Variance of a Population of Two Indpendent Random Variables

66 Views Asked by At

I have a question regarding a problem I'm looking at out of personal curiosity. Here is the basic setup of the problem:

There is a population that contains half of type A, and half of type B. The known distribution of outcomes for the whole population is N(50,7.5). The known distribution of the outcome for type A is N(50,6.5). Assuming the same mean for type B (also normally distributed), what must the variance of B be in order to get the population outcome?

I originally framed the problem as finding the variance of the average of the random variables:

$$Z = \frac{1}{2}(A + B)$$

Which gave me:

$$Var[Z] = \frac{1}{4}(Var[A] + Var[B])$$

Solving for the unknown $Var[B]$ gives an answer that does not check out during monte carlo simulation. What this says is that approximating sampling from a population that has two types in it can't be represented as the average of the distributions of the two types.

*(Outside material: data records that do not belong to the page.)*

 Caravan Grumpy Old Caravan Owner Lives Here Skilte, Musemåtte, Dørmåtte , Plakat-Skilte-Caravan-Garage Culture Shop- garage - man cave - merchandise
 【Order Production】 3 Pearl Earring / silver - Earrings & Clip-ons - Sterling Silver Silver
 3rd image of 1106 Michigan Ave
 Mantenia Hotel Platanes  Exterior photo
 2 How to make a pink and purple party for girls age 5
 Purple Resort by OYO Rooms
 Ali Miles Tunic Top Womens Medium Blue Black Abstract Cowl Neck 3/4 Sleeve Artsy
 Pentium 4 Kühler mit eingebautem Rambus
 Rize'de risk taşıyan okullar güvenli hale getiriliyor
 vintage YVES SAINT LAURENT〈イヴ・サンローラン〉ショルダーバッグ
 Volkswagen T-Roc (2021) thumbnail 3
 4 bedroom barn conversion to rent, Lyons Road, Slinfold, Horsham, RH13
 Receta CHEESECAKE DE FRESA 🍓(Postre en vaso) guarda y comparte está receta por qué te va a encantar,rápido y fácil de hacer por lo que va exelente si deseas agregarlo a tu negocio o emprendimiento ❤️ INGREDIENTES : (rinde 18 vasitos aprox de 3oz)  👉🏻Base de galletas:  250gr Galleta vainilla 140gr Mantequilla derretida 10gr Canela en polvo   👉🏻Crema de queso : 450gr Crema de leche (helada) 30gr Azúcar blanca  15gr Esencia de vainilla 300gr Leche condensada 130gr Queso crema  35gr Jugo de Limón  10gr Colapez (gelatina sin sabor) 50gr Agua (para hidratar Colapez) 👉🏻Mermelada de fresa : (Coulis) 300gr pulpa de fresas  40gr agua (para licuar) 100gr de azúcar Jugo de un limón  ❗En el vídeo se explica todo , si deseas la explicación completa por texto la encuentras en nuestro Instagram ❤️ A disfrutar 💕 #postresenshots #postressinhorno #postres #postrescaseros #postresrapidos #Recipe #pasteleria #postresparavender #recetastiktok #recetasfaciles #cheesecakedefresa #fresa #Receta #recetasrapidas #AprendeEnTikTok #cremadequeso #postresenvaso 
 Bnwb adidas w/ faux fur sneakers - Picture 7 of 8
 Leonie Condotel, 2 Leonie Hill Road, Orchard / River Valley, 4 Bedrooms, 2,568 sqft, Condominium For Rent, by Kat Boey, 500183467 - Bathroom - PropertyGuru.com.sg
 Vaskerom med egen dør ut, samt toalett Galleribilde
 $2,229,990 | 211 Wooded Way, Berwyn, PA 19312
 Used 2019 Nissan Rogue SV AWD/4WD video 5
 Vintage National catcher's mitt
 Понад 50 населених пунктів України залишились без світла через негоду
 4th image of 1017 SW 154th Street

From trial and error, I found that the variance of B must be 8.38. This corresponds with the following:

$$Var[Z] = \frac{1}{2}Var[A] + \frac{1}{2}Var[B]$$

When I experiment with other ratios in the population, the population variance follows the rule of the weighted (by proportion in population) sum of type A and B variances.

What leads to this general rule? I have a hunch I've just forgotten a basic rule of populations and random variables. Thank you in advance for any help.

I think that I need to represent the problem as:

$$Z \sim \left\{\begin{align} &A \quad \mbox{draw from with probability }p\\ &B \quad \mbox{draw from with probability }1-p \end{align}\right.$$